With 500 images, the two-book set spans more than three decades of the photographer’s work, from his adolescence to the present day

In some ways, Alasdair McLellan’s HOME and AWAY is a retrospective, its contents spanning work from the photographer’s early teens to present day. But it’s mostly a testament to his enduring instinct—the images taken in 1987 near indistinguishable from those captured last year.

“I suppose it’s a return to simpler times; it was just me and the subject rather than having 30 people standing behind me waiting for the picture to be taken, as it often is now,” McLellan said. “But at the heart of the pictures then and now, it’s still that same relationship—it’s only who or what you photograph that really matters.”

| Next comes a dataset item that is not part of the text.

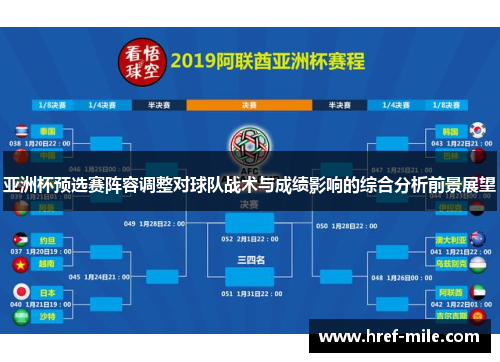 亚洲杯预选赛阵容调整对球队战术与成绩影响的综合分析前景展望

The book is split into two parts: Biscuit Billy’s and Seventh Heaven. In the early stages of its conception, it was to be titled The New Elizabethans for his recurring British subjects, but the title didn’t encapsulate the nuance of the images—it felt “far too royal” for the intimacy offered in McLellan’s photographs.

Across 500 images, the two-book set is a portrait of the artist himself, his eye and his openness. HOME and AWAY is proof of his personhood—that which has persisted within his sensibilities, immune to time and experience. It’s a window into what makes up the essence of Alasdair McLellan.

Alasdair McLellan will be signing copies of HOME and AWAY in Paris on June 23 as the opening event of PROGRAM/ME.